In this paper, I will demonstrate how the silk-reeling industry influenced the development of Japan’s industrialization and modernization. To illustrate the development process of Japan, I will mainly focus on Tomioka Silk Mill, in Gunma Prefecture as an example. Tomioka Silk Mill is the first silk-reeling factory that was officially established in 1872 by the Japanese government.

During the long period of isolation, sakoku, any relation or trade with other countries was strictly limited. However, at the end of the Edo period (1603 – 1868), the Tokugawa shogunate ended its isolationist foreign policy and Japan restarted the trade with Western countries in 1859.[1] In Edo period, the most common product that Japan exported to the West was raw silk. Silk was, at that time, one of the most important Japanese business articles.[2] Due to the opening of the Japanese ports to the West in 1854, the import of Western products and modern technology made it possible to achieve the mass expansion of silk production.[3]

Right after the end of the seclusion, silk became a necessary export article for Japan, and due to the technology, the silk-reeling industry developed significantly. Specifically, raw silk and silkworm eggs began to be sold as global products. A decade later, Japan developed remarkably with the beginning of the Meiji period. The long-lasting period of feudalism came to an end with new national leaders and a modern world power was introduced to an isolated, secluded country. The main changes that happened during this period are the developments in technology, politics, economy, social structure, and the relation with the foreign nations.[4]

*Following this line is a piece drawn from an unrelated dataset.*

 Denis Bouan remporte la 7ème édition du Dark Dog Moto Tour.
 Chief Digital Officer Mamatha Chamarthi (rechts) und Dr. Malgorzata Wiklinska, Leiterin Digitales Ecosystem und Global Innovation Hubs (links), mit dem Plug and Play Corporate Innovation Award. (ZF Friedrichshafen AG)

With the help of new technologies and enlarged business platforms, Japan successfully gained a leading position in the global market. The development of the silk-reeling industry contributed greatly to the modernization of Japan, and behind its development, there are female factory operators that are often ignored.[5] In this paper I will focus on the contribution of Tomioka Silk Mill and the female workers to industrialization of Japan.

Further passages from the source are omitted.